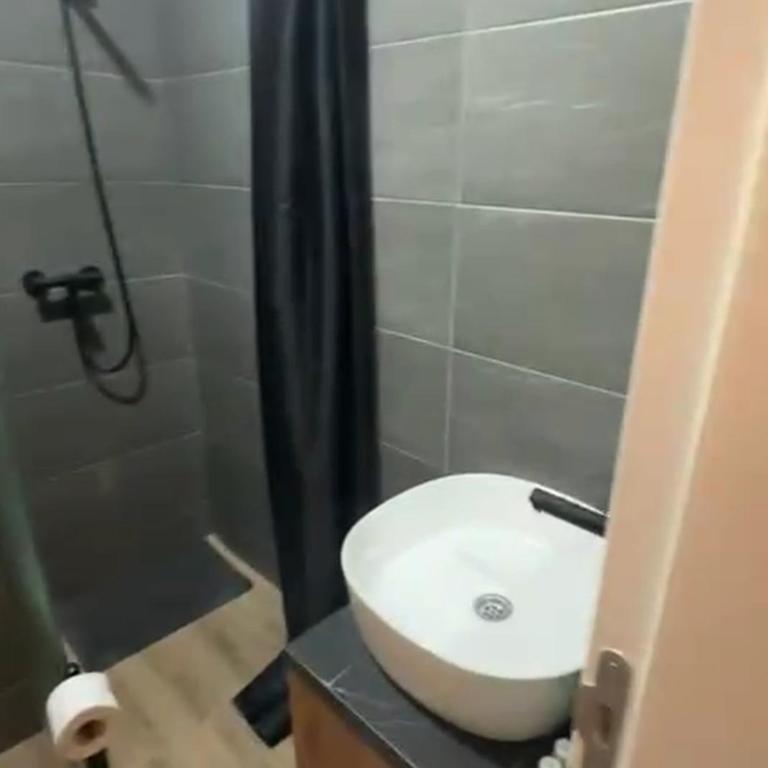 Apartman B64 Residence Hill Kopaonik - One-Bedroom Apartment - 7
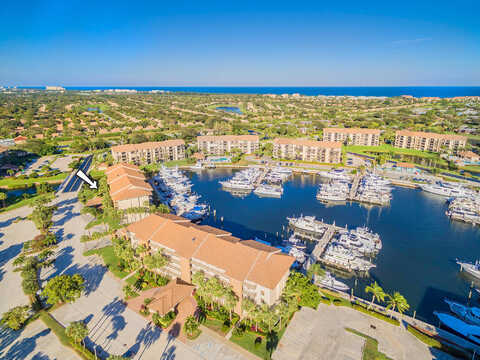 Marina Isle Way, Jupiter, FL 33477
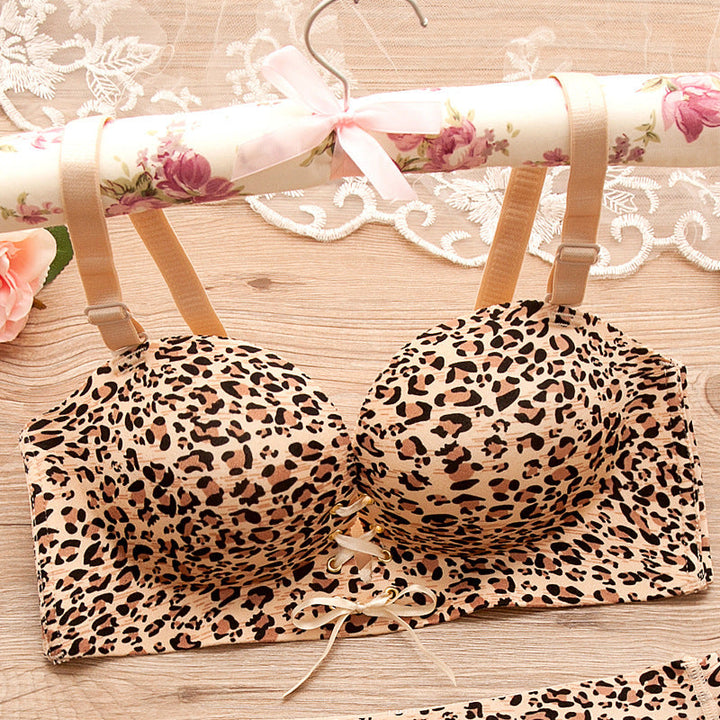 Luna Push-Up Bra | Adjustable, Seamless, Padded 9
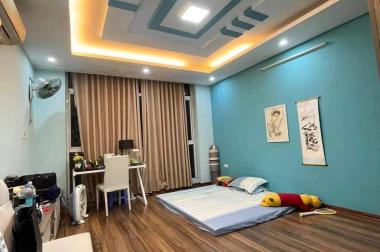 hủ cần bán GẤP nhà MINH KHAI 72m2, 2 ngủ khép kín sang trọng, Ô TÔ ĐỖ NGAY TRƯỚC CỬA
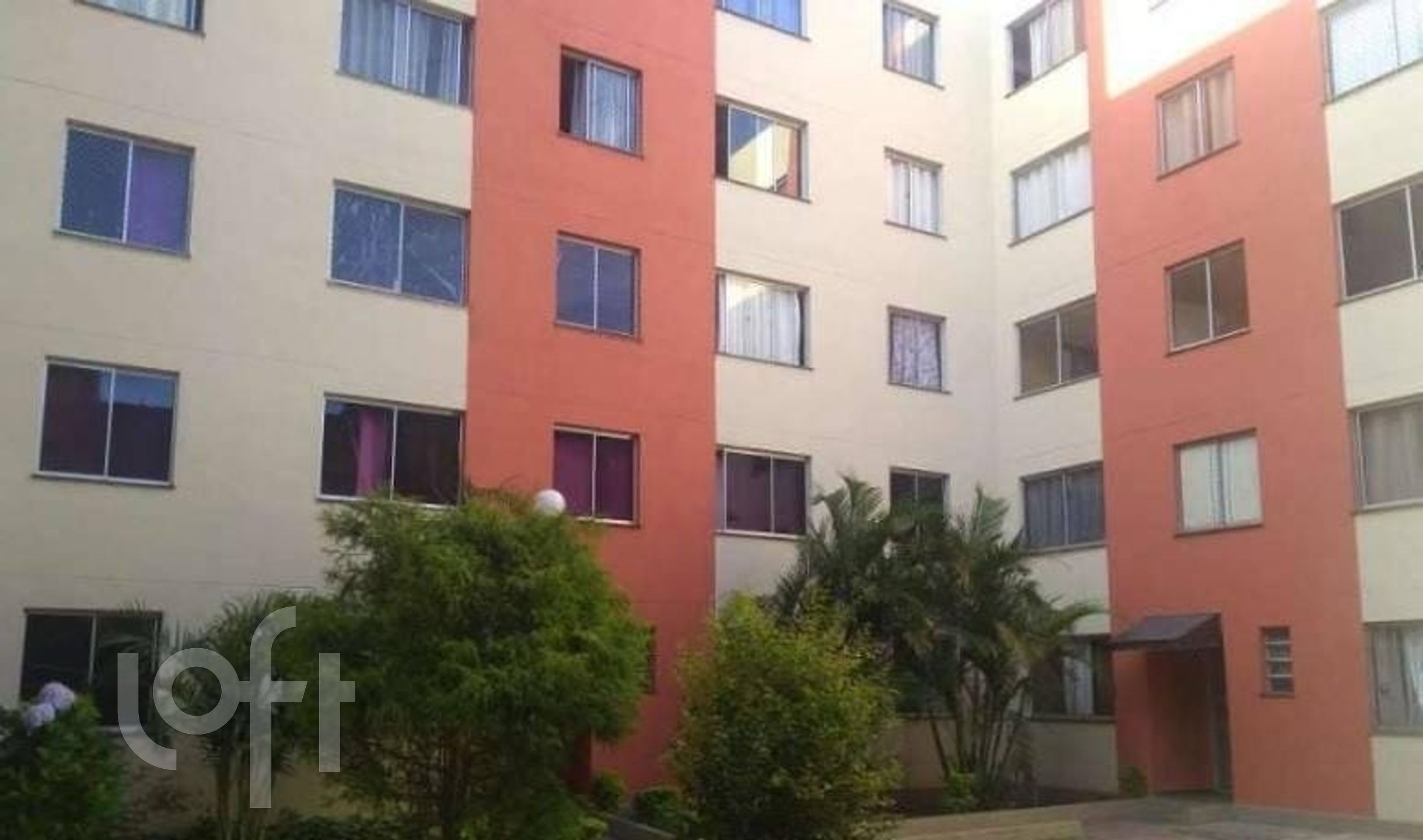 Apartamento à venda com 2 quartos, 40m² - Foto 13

- Task prompt:
The records above need retyping in full. Omit the pictures, and change nothing else.

- Exercise solution:
 Apartman B64 Residence Hill Kopaonik - One-Bedroom Apartment - 7
 Marina Isle Way, Jupiter, FL 33477
 Luna Push-Up Bra | Adjustable, Seamless, Padded 9
 hủ cần bán GẤP nhà MINH KHAI 72m2, 2 ngủ khép kín sang trọng, Ô TÔ ĐỖ NGAY TRƯỚC CỬA
 Apartamento à venda com 2 quartos, 40m² - Foto 13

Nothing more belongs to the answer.